In step with the other CBOT grains, rice futures turned sharply lower Thursday. News that barge traffic on the Mississippi river could be shut down for a while was largely to blame for the selloff. At one point Thursday July corn was limit down. Corn trade will certainly be most impacted by this event. While originally the Coast Guard did not say when the river would reopen, as of Friday morning it had already reopened for barge traffic.
Thursday’s pullback relieved the technically overbought condition in September rice futures. The market’s push to new highs last week saw the Relative Strength Index (RSI) reach 80.65. For the time being, trading is finding support on the 20-day moving average at $13.685 (red line in chart below). Grain trade is higher Friday morning with corn, soybeans, and wheat all up double digits. Rice futures are up 1 to 3 cents.
At face value, the May WASDE (supply/demand) was neutral for old crop rice and somewhat bearish for new crop. The only adjustment to the old crop balance sheet was in the price outlook. The 20/21 season average price was increased 10 cents per cwt. to $12.60 ($5.67/bu.).

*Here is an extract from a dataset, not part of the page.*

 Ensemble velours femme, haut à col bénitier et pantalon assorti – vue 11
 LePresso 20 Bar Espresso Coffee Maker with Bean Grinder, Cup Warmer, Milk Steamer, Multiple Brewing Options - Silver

This in turn would reduce the projected PLC payment for the 2020 crop by 4 cents to 63 cents per bushel (see bottom of table below).
The initial run of the 21/22 new crop balance sheet could be viewed as slightly more bearish. Record imports of 31 mln. cwt. were projected. However, long-grain production is expected to be down 18.6 mln. cwt. based on the 11% reduction in acres from the March Prospective Plantings survey. It will be interesting to see the NASS June 30 Acreage report.
On lower production and higher prices one generally expects lower usage. Compared to the 2020, USDA projected new crop exports to be down 2 mln. cwt. to 61 million—lowest since 1996. Exports from Thailand, Paraguay, Burma, Cambodia, and Pakistan were all forecast to be higher in the 21/22 marketing year.
Domestic usage is also expected to be down 2 mln. cwt. from last year to 121 million. This would be the second highest domestic usage total historically. Ending stocks are projected to increase 1.3 million to 32.1 million—very similar to 2018. Despite higher ending stocks, average farm prices are expected to remain supported by historically strong grain prices overall. The projected 21/22 long-grain average farm price is expected to be $12.80/cwt. –up 20 cents/cwt. from 20/21.